Cette absence de débat autour de la Loi de Finances n’est pas sans conséquence. Une démocratie s’appauvrit lorsque les choix budgétaires, qui définissent les orientations économiques et sociales, sont pris sans transparence ni confrontation d’idées. L’atonie des institutions, la fragilité de ses moyens et l’isolement de la société civile renforcent la distance entre les membres de la communauté et leurs représentants, alimentant cette méfiance croissante envers l’État.
Chaque décision budgétaire non discutée c’est une opportunité manquée d’impliquer les citoyens, d’expliquer les résolutions et de bâtir un consensus autour des priorités nationales. Cette absence de redevabilité affaiblit la capacité des Organes de l’État à corriger leurs erreurs ou à ajuster leurs politiques au regard des besoins réels.
D’autant que cette démission de l’Assemblée législative face au pouvoir exécutif ouvre largement la porte à la consolidation d’un pouvoir dictatorial. Et, on le redit, les scandaleuses et grossières manipulations des dernières élections municipales ne laisse pas augurer d’un frein mis au train de la gouvernance autocratique TGV qui a démarré. Le conducteur saurait piloter pour nous mener à bon port, on pourrait s’y résoudre … Mais là franchement …
Dans ce contexte, la société civile doit exercer un rôle central pour pallier les carences du système. Cela présuppose de dépasser la fonction de critique et de lanceur d’alerte auquel on la cantonne trop souvent pour s’imposer en acteur constructif, susceptible d’éclairer les débats et de mobiliser les membres de la communauté autour des enjeux cruciaux.
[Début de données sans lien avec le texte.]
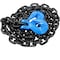 Mytee Products 1/2in x 10ft G100 High Grade Transportation Chain W/ Grab Hook, 2PK CH1210-G100x2 - alternate 8
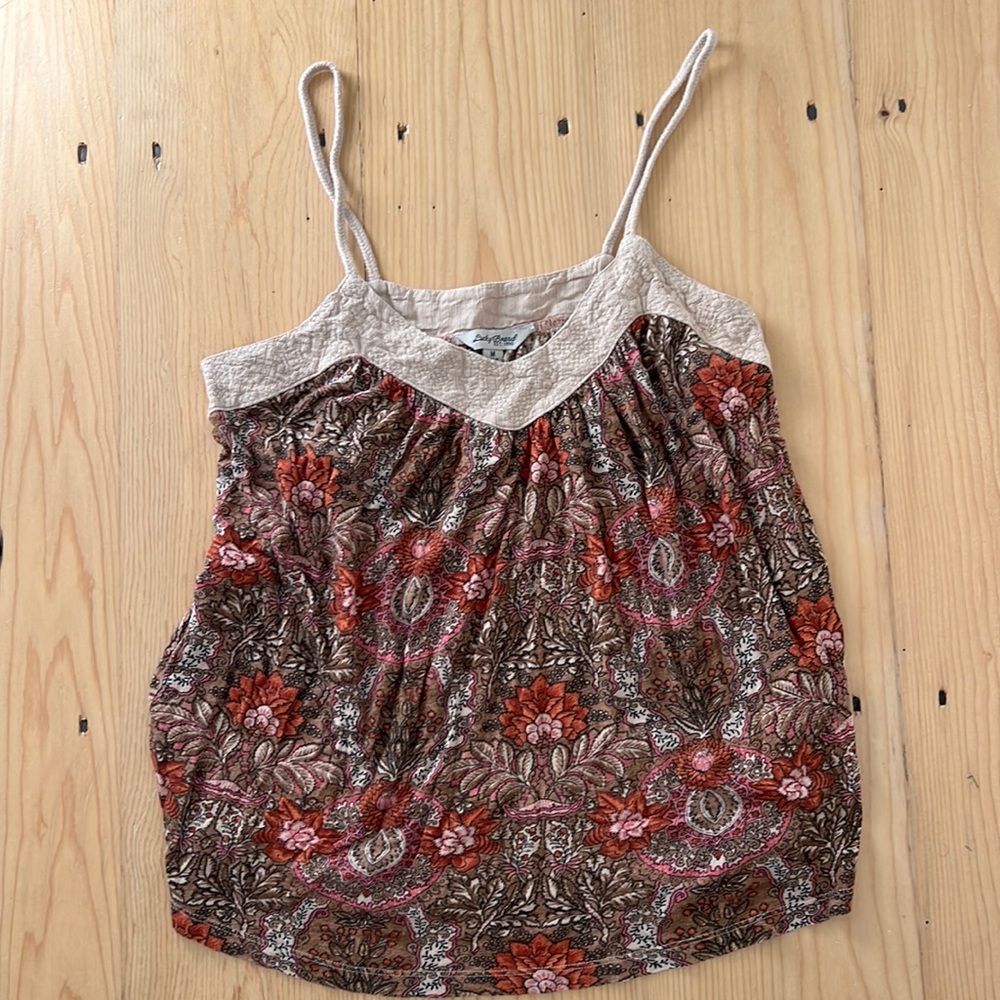 Lucky brand tank top size medium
L’enjeu en serait :
- La production d’analyses plus fouillées qui ne se contenteront plus de dénoncer, mais qui proposeront des solutions crédibles et argumentées,
- Un engagement encore plus fort dans la consolidation de l’éducation citoyenne ,
- Le maintien encore plus fort de la pression sur les institutions et la revendication d’espaces de dialogue et de concertation plus concrets.
L’absence de débat sur la Loi de Finances 2025 est symptomatique d’une démocratie qui reste, on le sait, passablement balbutiante. Et les dernières séquences électorales municipales ne nous rassureront certainement pas quant à la volonté du pouvoir de favoriser la construction de cette démocratie (pour peu que ce soit celle-là qu’il faille au pays) …
Mais on formule aussi ici un appel à renforcer les fondations du vivre ensemble. Ce sens du collectif, aujourd’hui fragile, est la clé pour redonner confiance dans l’action publique. Miser sur une société civile solide seule capable d’informer, de mobiliser et d’éduquer pour affirmer l’ implication de toutes les voix dans la définition des priorités est évidemment la voie pour espérer dessiner un avenir équitable et durable…. Quand les politiques ne sont pas là pour le faire …
Patrick Rakotomalala (Lalatiana Pitchboule) – Décembre 2024
(1) à l’exception d’une modification du texte à l’initiative du gouvernement sur la taxation des transactions mobiles.